During this inspection period, the inspectors consulted with the Office of Nuclear Reactor Regulation (NRR) and determined that this application of GOTHIC for gas voiding required further evaluation by NRR. Therefore, this issue is being identified as an URI as described in Section 4OA5.1.b(1). Based on the inspection results documented in NRC Inspection Report 05000456/2011002; 05000457/2011002 and the identification of the resolution for the acceptability of GOTHIC for predicting void transport behavior as an URI, this TI is considered closed for Braidwood Station.

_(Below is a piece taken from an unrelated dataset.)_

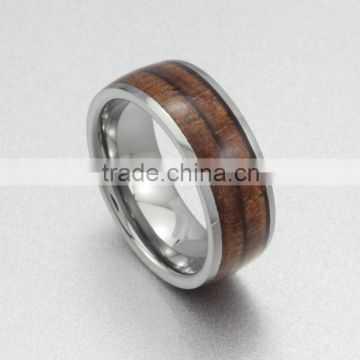 Fine Jewelry Two Tones Koa Wood Titanium Ring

Documents reviewed are listed in the Attachment.

b. Findings

Concerns with the Bases for the Acceptability of GOTHIC for Void Transport Prediction

Introduction:

The inspectors identified an URI regarding the use of the software GOTHIC to justify the acceptability of a design bases change, which incorporated gas voids in the suction piping from the containment emergency sump into the design of the plant.

Description:

The licensee identified unventable sections at the suction piping from the containment emergency sump downstream of the Unit 1 and Unit 2 SI8811 and CS009A valves. As a result, the licensee evaluated the impact of a maximum potential void size into their licensing and design bases. The licensee justified the maximum potential void size through the use of the software GOTHIC. However, the inspectors noted instances where the basis of GOTHIC as a void assessment tool was questionable. Specifically, the licensee used WCAP-16631-NP, Testing and Evaluation of Gas Transport to the Suction of ECCS [Emergency Core Cooling System] Pumps, to demonstrate that GOTHIC could acceptably predict quantitative void transport behavior.

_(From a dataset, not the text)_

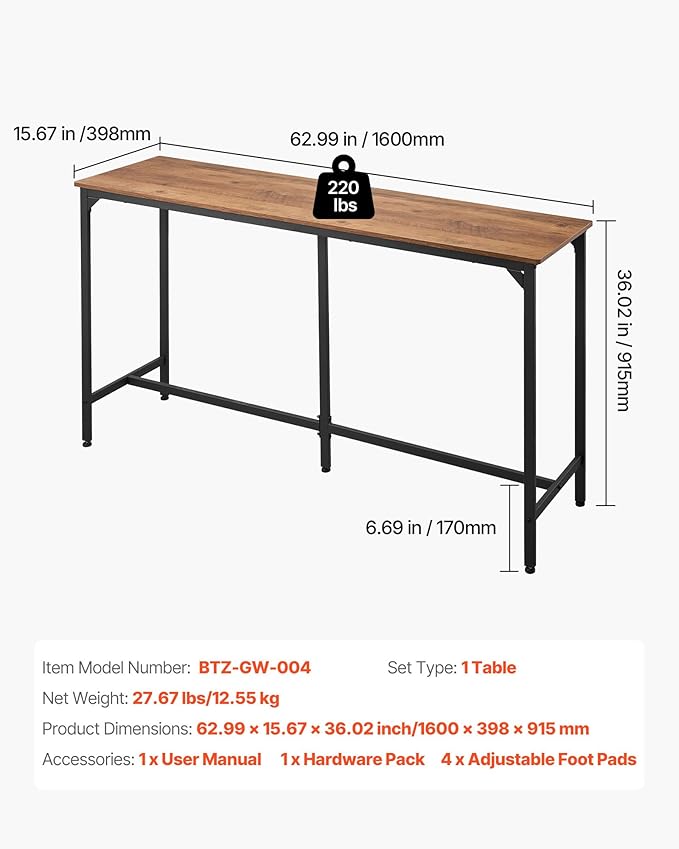 VEVOR Bar Table, Sturdy Metal Frame High Top Pub Table, Small Kitchen Dining, Cocktail Coffee Counter Bar Height Desk, Easy to Assemble, 63x16x36 in, for Living Room Party, Brown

WCAP-16631-NP documented tests that were conducted by Westinghouse to study the transport of a gas void through a piping system. As discussed in NRC Inspection Report 05000456/2011002; 05000457/2011002, the inspectors noted several differences between test and actual plant configurations and conditions that could impact the overall gas void assessment results as follows:

a) The difference between test and plant pressures was not considered in assessing a void decrease in the vertical test section. The pressure range used during the test was significantly lower than the typical range in nuclear power plants. This effect would be insignificant in a nuclear power plant due to the higher pressures.

Therefore, the inspectors questioned if the void fraction change observed during testing would be analogous in a nuclear power plant.

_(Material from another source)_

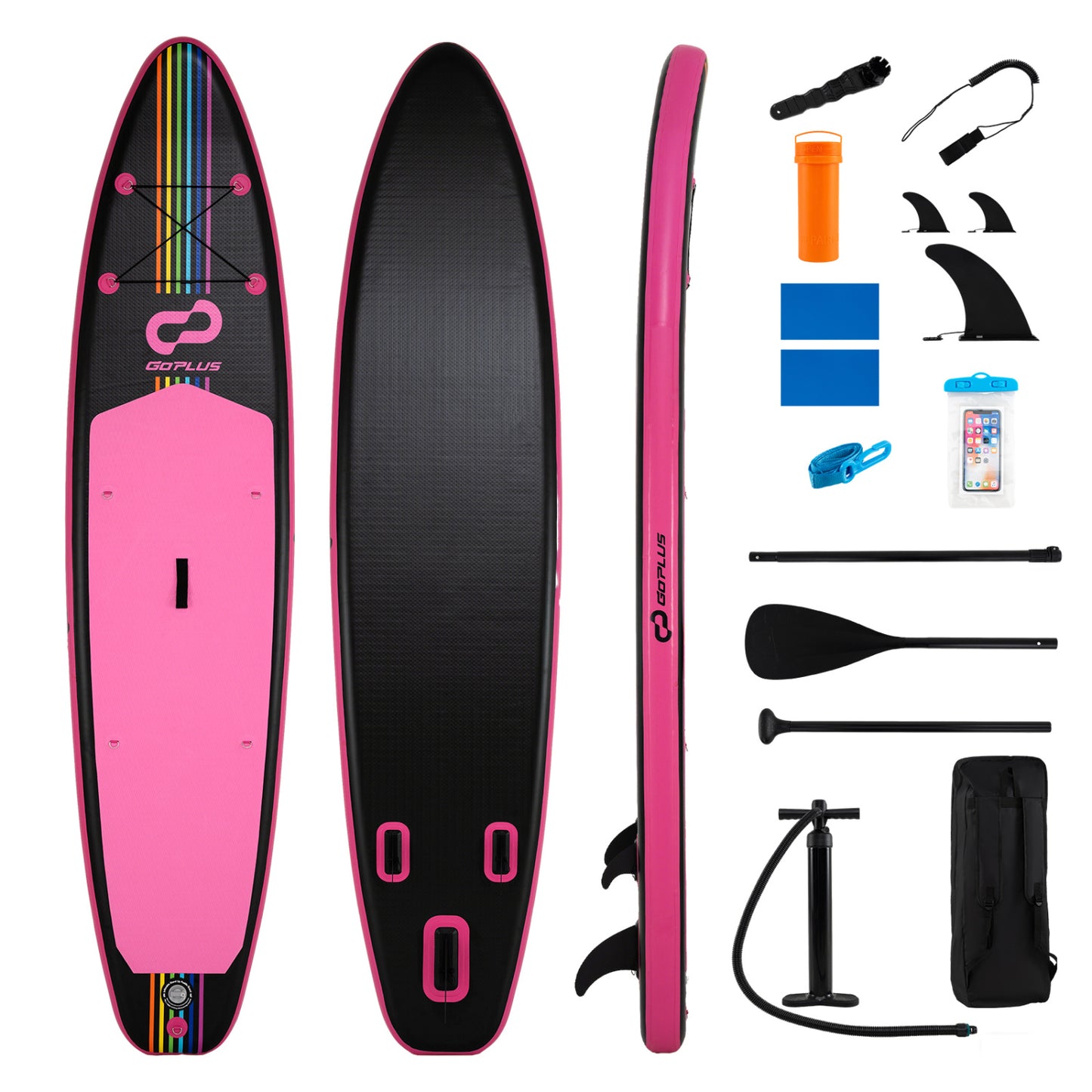 11' Wide Inflatable Stand Up Paddle Board with Backpack for All Skill Levels-Blue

b) Two phase fluid flow test data typically exhibited significant scatter. This was addressed by running many duplicate tests and carefully examining the test results.

However, NRR stated in ML090150637, Forthcoming Meeting with the Nuclear Energy Institute (NEI) to Discuss NRC Generic Letter 2008-01, that this effort was not fully successful and some of the conclusions were not adequately supported by the test data due to data scatter. For example, this effort did not address allowance for uncertainty and the effect of actual plant pressures in contrast to test pressures.

c) The inspectors questioned if the test report adequately considered a water fall effect (also known as hydraulic jump) when the upper part of the vertical pipe was voided. Specifically, the inspectors questioned if the pipe length used for the test was representative of the limiting conditions of a plant. The inspectors were concerned that such an effect could propel air further down in the pipe than would be predicted using a single dimensional Froude number and would be of concern if the vertical pipe length was significantly less than the pipe used for the test.

d) The use of an average of pipe slopes to determine an equivalent pipe length associated with an elbow with a void reduction of 20 percent was debatable. For example, the average slope of -0.055 was obtained from slopes of -0.333, -0.15, and -0.0883. In addition, as discussed above, the 20 percent factor did not consider the pressures that would be typically present in nuclear power plants.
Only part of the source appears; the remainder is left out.